A research team led by Yubang Wang has published a new benchmark, ResearchEnvBench, designed to test a critical but overlooked capability in AI agents: environment synthesis for research code execution. While current benchmarks measure an agent's skill at writing or repairing code, they typically assume a pre-configured, ready-to-run software environment. ResearchEnvBench removes that crutch, tasking agents with the complex, real-world job of constructing a functional environment from scratch. Given only a research repository (like from GitHub), its documentation, and a target execution setting, the agent must resolve all software dependencies, align hardware and framework versions, and configure any necessary distributed execution to make the code run.
Initial evaluations using ResearchEnvBench on a diverse set of research repositories have delivered a stark verdict on the current state of autonomous AI agents. The benchmark revealed a substantial performance gap, with state-of-the-art agents achieving a 0% success rate. The failures were dominated by two core issues: agents could not fully resolve the complex, nested dependency chains common in research software, and they struggled with the brittle coupling between specific library versions and hardware configurations. This failure highlights that today's agents, while proficient at generating code snippets, are not yet capable of the full-stack problem-solving required for hands-off scientific assistance.

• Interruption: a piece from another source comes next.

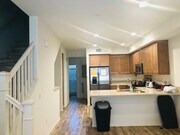 Photo - 852 E Fielding St Townhome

The creation of ResearchEnvBench provides the AI research community with its first realistic testbed for this essential capability. By quantifying this specific shortcoming, the benchmark sets a clear target for future development. Advancing agent performance on ResearchEnvBench is a direct step toward building AI systems that can autonomously replicate studies, validate results, and contribute to reproducible scientific research, moving beyond simple code generation to true computational research support.
- Agents scored 0% success rate on the new ResearchEnvBench benchmark for environment synthesis.
- Failures were dominated by incomplete dependency resolution and brittle software version coupling.
- The benchmark provides the first testbed for advancing AI toward hands-off, reproducible scientific research.
Why It Matters
Shows AI cannot yet autonomously run scientific code, a major hurdle for AI research assistants.